Hey @DannyWeitekamp,
You’ve brought up some really excellent points. Thank you very much.
Your observation about “objmode” serving as a band-aid solution is spot on. I am not sure if it would be technically possible to use it for this purpose. Nevertheless, I am curious.
If you are reimplementing NumPy’s functions, you’re often competing with highly optimized code.
Without sufficient resources, this will be a difficult task.
It would be great to have a mechanism that integrates NumPy functions directly without requiring a reimplementations. LLVM-based optimizations as you suggested would be elegant and performant.
Regarding “objmode”, the overhead of an implementation using “objmode” doesn’t seem to be too high if you are just using NumPy functions working on arrays.
You utilize the underlying memory views rather than the Python objects.
I haven’t verified if caching works with “objmode”. You can set “cache=True” but it might not work as expected. Using an “objmode” implementation within a parallel loop could be an issue due to the Global Interpreter Lock (GIL). But this might change in future Python versions.
There might be more issues preventing “objmode” to be an option.
Nevertheless, here is an example comparing NumPy’s sorting algorithm to Numba’s implementation and an “objmode” implementation. The overhead appears to be manageable, and performance remains similar for both smaller and larger arrays.
import timeit
import numpy as np
from numba import njit, objmode, types
from numba.extending import overload
# Numpy sort
def sort_np(a):
return np.sort(a)
# Numba sort implementation
@njit
def sort_nb(a):
return np.sort(a)
# overload numpy sort in objmode
def sort_nb_objmode(a):
pass
@njit(cache=True)
def sort_in_objmode(a):
out = np.empty_like(a)
with objmode:
out[:] = sort_np(a)
return out
# Overloading np.sort
@overload(sort_nb_objmode)
def sort_nb_objmode_ovl(a):
# Reject non-ndarray types
if not isinstance(a, types.Array):
raise TypeError("Only accepts NumPy ndarray")

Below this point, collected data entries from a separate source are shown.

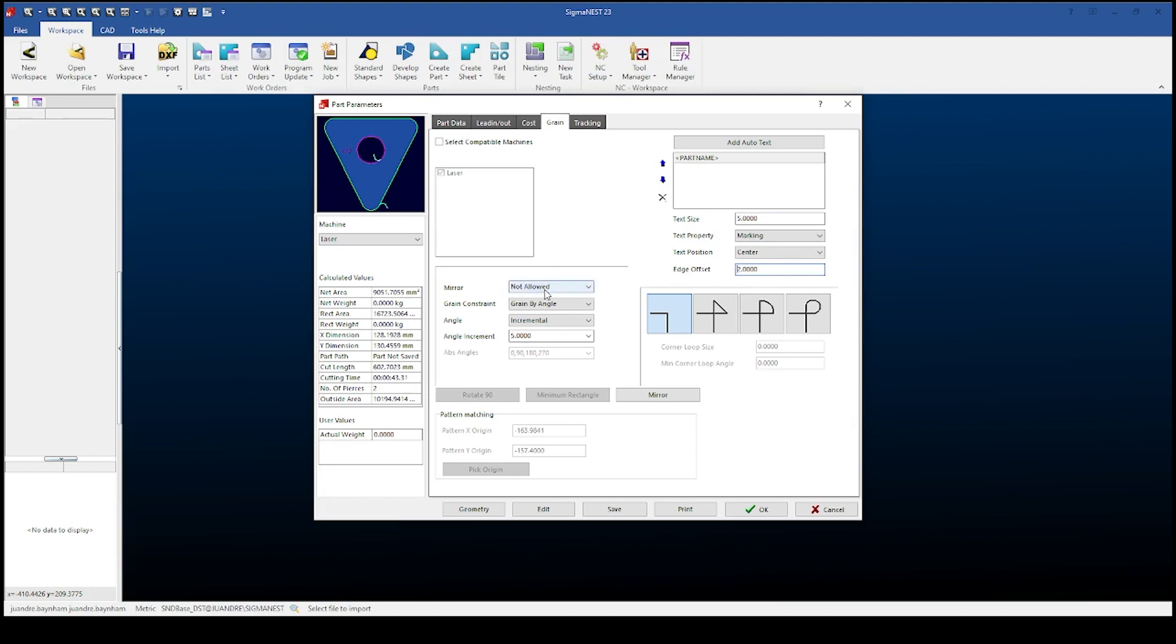Next I can set my grain for each part. This is at what increments my parts will be rotated when nesting. I can also add corner loops if needed.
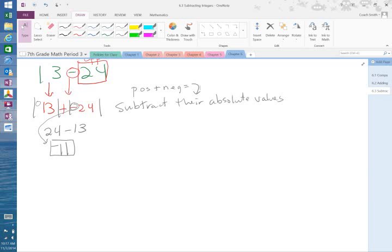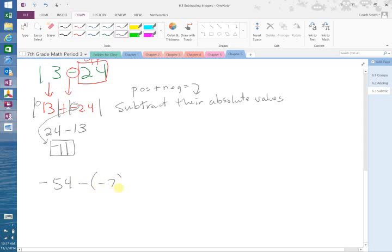I want you to do this one on your own: negative fifty-four minus negative seven.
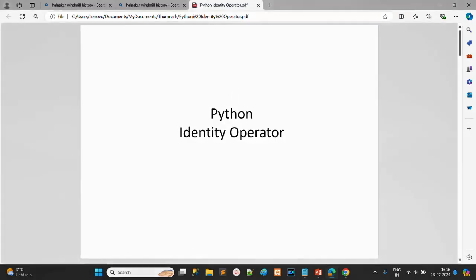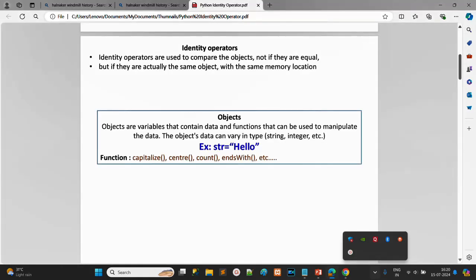Hi, this is Abhiraaj Sharma. In this session we will discuss the identity operator in Python — what it is and how objects are stored in memory. The identity operator makes a comparison between two objects and checks whether they are the same, meaning whether they stay at the same memory location.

return lambda a: sort_in_objmode(a)
@njit
def apply_sort_nb_objmode(a):
return sort_nb_objmode(a)
# warmup
a = np.random.uniform(-100, 100, size=10)
sort_nb(a)
apply_sort_nb_objmode(a)
# Comparison
def measure(size, repeat=10, number=5):
# Prepare globals dictionary
global a
a = np.random.uniform(-100, 100, size=size)
# Measure and print mean time for sort_np
mean_time_np = sum(timeit.repeat('sort_np(a)', globals=globals(), repeat=repeat, number=number)) / repeat
print(f"sort_np: {mean_time_np:.6f} seconds (mean of {repeat} runs, size={size})")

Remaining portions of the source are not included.